In der modernen neonatologischen Intensivmedizin ist es möglich, auch sehr unreife Frühgeborene und schwerstkranke Neugeborene längere Zeit am Leben zu halten, und in den meisten Fällen erfolgreich kurativ zu behandeln. Für einen Teil dieser Kinder kann Intensivmedizin aber auch Leidensverlängerung, Herauszögern des Todes oder ein Überleben mit schwersten neurologischen Schäden bedeuten. Duff und Campbell beschrieben 1973 erstmals Kinder deren Prognose so schlecht eingeschätzt wurde, dass keine Aussicht auf ein „sinnhaftes“ Leben bestand und daher auf „weitere“ Therapie verzichtet wurde. Diese Entwicklung zur bewussten Begrenzung von intensivmedizinischen Therapien hat sich seither fortgesetzt. Wenn heutzutage ein Kind im Bereich der neonatologischen Intensivmedizin verstirbt, geht dem in aller Regel eine Entscheidung zur Therapiebegrenzung voraus.

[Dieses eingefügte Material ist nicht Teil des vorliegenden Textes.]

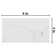 Classico Carrara 3" x 6" Ceramic MarbleLook Subway Tile
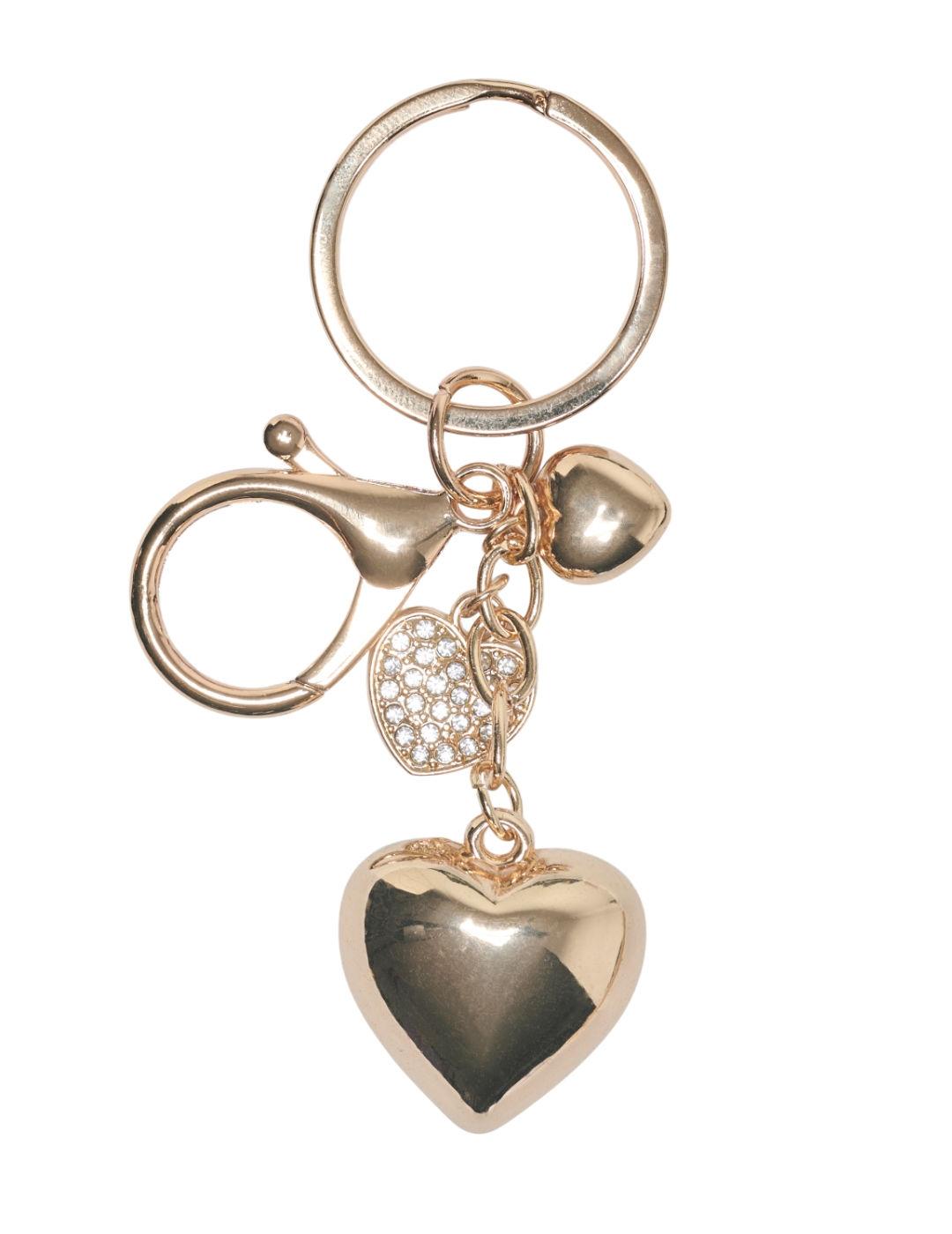 Llavero Only Charmy dorado corazón para mujer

Aus ethischer und juristischer Sicht obliegen diese schwierigen Entscheidungen primär den Eltern des Kindes. Die Bürde der Verantwortung kann und darf jedoch nicht ohne weiteres allein an diese übertragen werden. Im idealen Modell der Entscheidungsfindung erarbeitet und trägt die Entscheidung das medizinisch verantwortliche Personal gemeinsam mit den Eltern (shared decision making). Um Eltern diese Kompetenz zu verleihen, ist eine umfassende und möglichst wertneutrale Darstellung aller therapeutischen Optionen eine notwendige Grundvoraussetzung.

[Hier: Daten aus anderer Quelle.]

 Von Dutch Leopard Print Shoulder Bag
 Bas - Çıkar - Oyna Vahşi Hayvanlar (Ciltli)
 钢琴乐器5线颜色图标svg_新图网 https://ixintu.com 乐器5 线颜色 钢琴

Die vorliegende Arbeit exploriert wie verborgene Werturteile die autonome Meinungsbildung der involvierten Personen jenseits von validen statistischen Prognosen beeinflussen. Gut erkenntlich werden solche ethischen Urteile bei der Verwendung wertbeladener sprachlicher Ausdrücke - beispielsweise „mit dem Leben nicht vereinbar“. Dieser Ausdruck suggeriert, und zwar unabhängig von der Intentionalität, dass eine lebenserhaltende Behandlung nicht nur medizinisch aussichtslos, sondern auch moralisch nicht einfach zu rechtfertigen ist. Die Wahl der palliativen Therapieoption erscheint dadurch gegenüber einer lebenserhaltenden Option als moralisch präferiert. Verborgene Werturteile finden sich nicht nur in (1) der verwendeten Sprache, sondern ebenso in (2) der Darstellung von therapeutischen Optionen und Prognosen, (3) der Auswahl prognostischer Parameter sowie in (4) lokalen und nationalen Leitlinien.

Das Wissen um diese Problematik ist von wesentlicher Bedeutung für das Gelingen einer adäquaten Beratung und Entscheidungsfindung bei schwerstkranken Früh- und Neugeborenen.